[PROBLEM TO WORK ON] Everything from the opening line of the records below through the line with "<span>Jadon Sancho has" must be duplicated exactly, pictures left out.
──────── RECORD EXTRACTS ────────
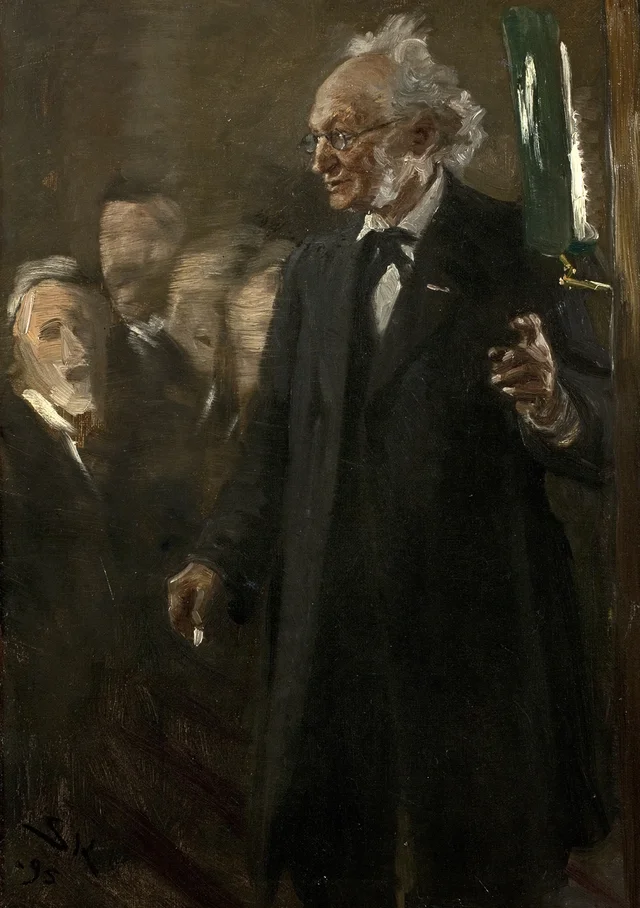 Professor of Zoology Japetus Steenstrup Giving a Lecture, Peder Severin Krøyer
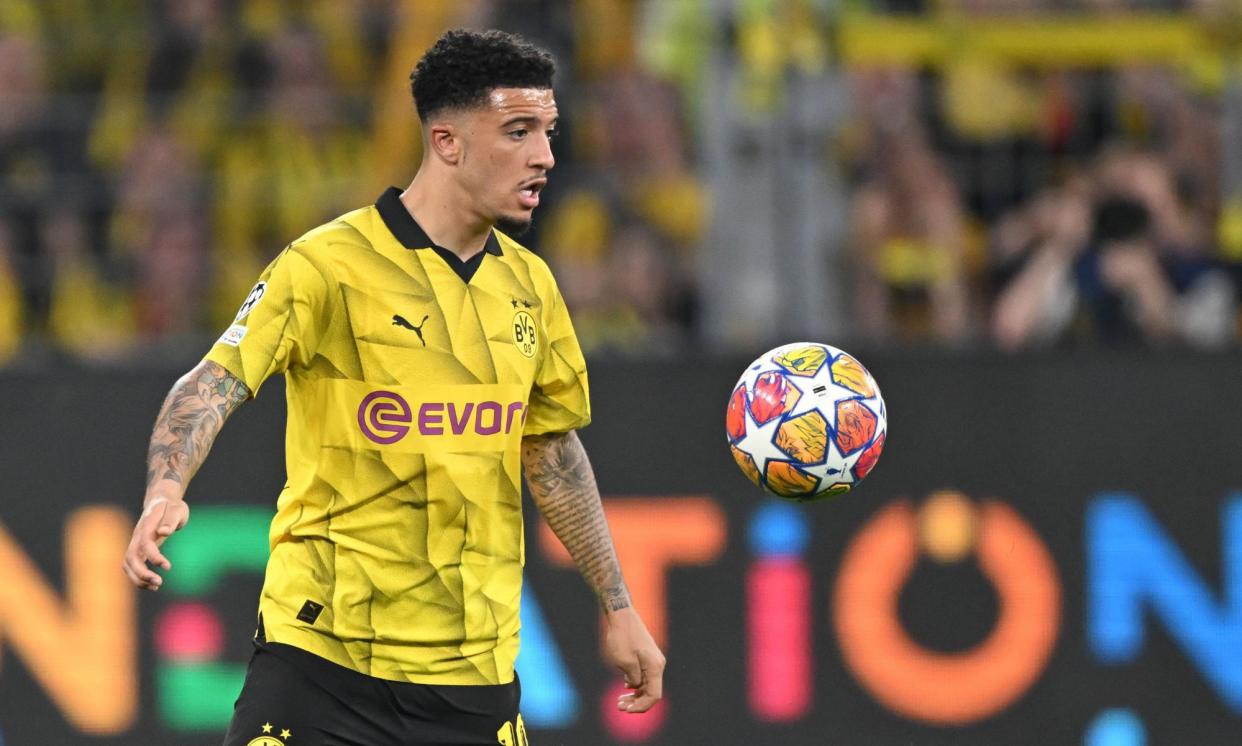 <span>Jadon Sancho has rediscovered some of his best form while on loan at Borussia Dortmund.</span><span>Photograph: Hollandse Hoogte/Shutterstock</span>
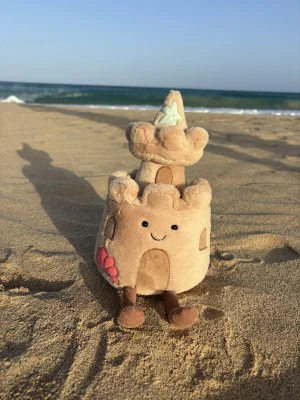 A photo of Amuseables Sandcastle Jellycat taken by GoodSideLiving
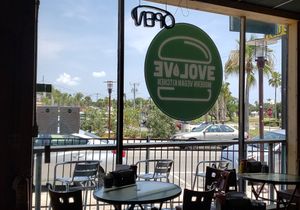 View from inside at Evolve Modern Vegan Kitchen in Daytona Beach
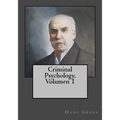 Criminal Psychology, Volumen 1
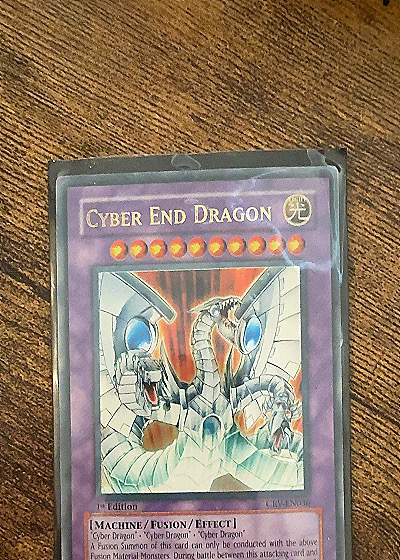 2005 Yu-Gi-Oh! #CRV-EN036 Cyber End Dragon — front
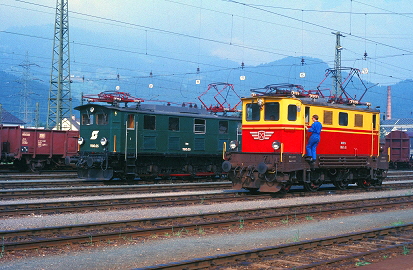 k-MBS002 1045.01 und 1180.05 Bf. Bludenz 30.07.1985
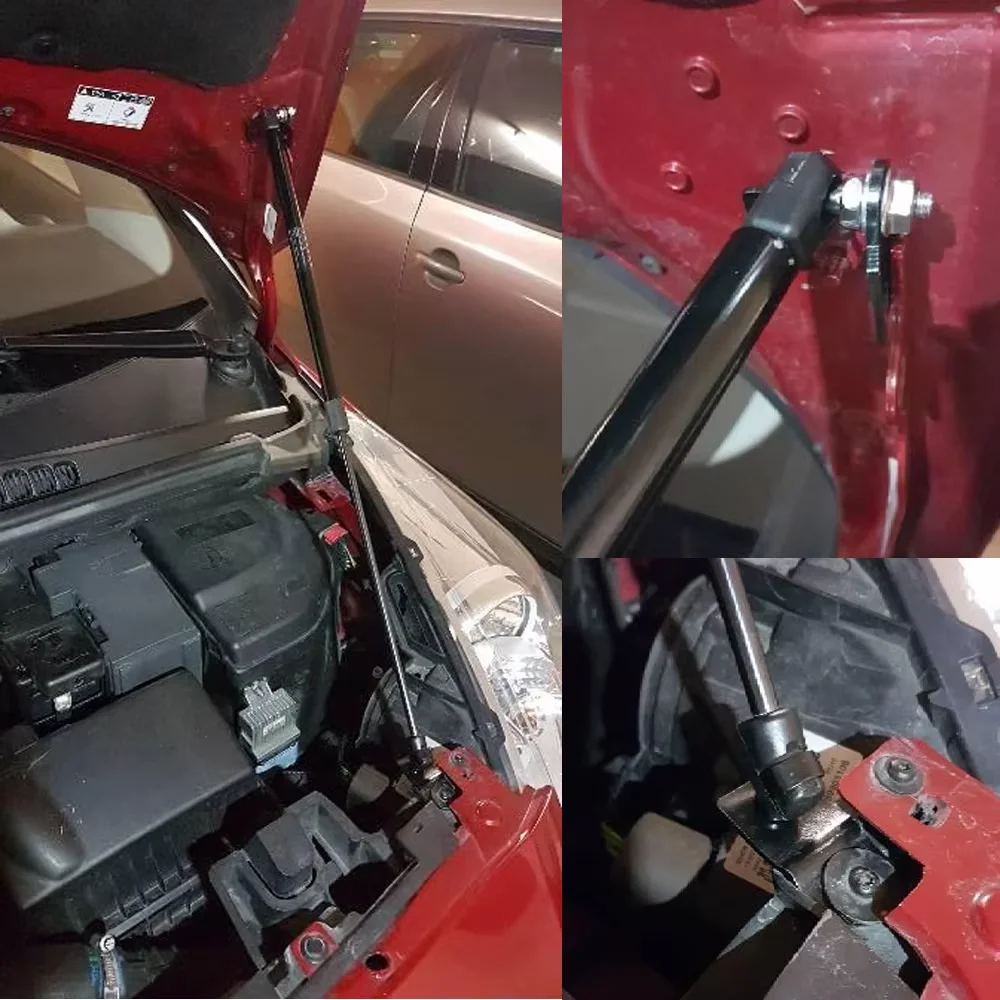 

1 Set Gas Struts For Peugeot 5008 I (T8) 2009-2016 Front Hood Bonnet Modify Lift Support Damper Shock Absorber Prop Rods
────────
[RESPONSE BOX]
 Professor of Zoology Japetus Steenstrup Giving a Lecture, Peder Severin Krøyer
 <span>Jadon Sancho has rediscovered some of his best form while on loan at Borussia Dortmund.</span><span>Photograph: Hollandse Hoogte/Shutterstock</span>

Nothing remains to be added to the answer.